Attacks to Artificial Intelligence (I): Jailbreak
Introduction
It is well known how the use of Artificial Intelligence has accelerated sharply with the launch of ChatGPT just over a year ago in November 2022. I know, it seems like a decade ago. Today's technology is moving at incredible rates. Like any new emerging technology, the popularity of Large Language Models (hereafter LLMs), brings with it a great deal of interest from both the scientific community to understand their limitations and from cybercriminals to see how they can employ the benefits of these technologies for their activities.
Much effort has been, and is still being, invested in building secure default behavior into AI systems, including their generative variant and their end applications, but we are facing a new cat-and-mouse scenario, so typical of cyber security.
While application developers work to protect systems from misuse, others are looking for creative ways to use this exciting new technology to their own, perhaps not so exciting, advantage.
The Trusted Artificial Intelligence department of the US National Institute of Standards and Technology (NIST) has recently published an interesting report on the different types of attacks that can be performed on these systems in an attempt to provide a common context for dealing with these new risks.
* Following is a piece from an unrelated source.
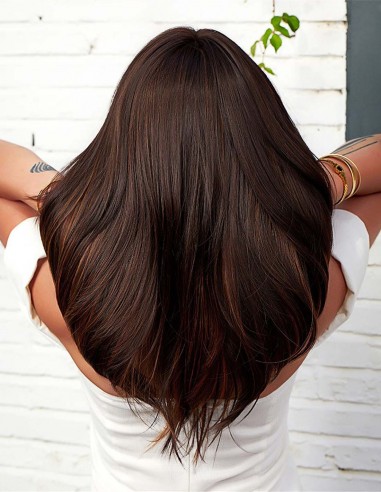 Peruca Naturala DANYA Saten Natural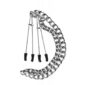 Clipsuri Sfarcuri Guilty Pleasure Nipple Tweezers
It is highly recommended reading for any professional interested in this emerging field.
Types of attacks on Artificial Intelligence systems
In the NIST report, attacks are analyzed from several perspectives: target of the attackers, capabilities of the attackers and the impact on the classic security triad: Availability, Integrity, and Confidentiality.
We can identify the following main types of attacks:
- Evading system security controls (Jailbreak)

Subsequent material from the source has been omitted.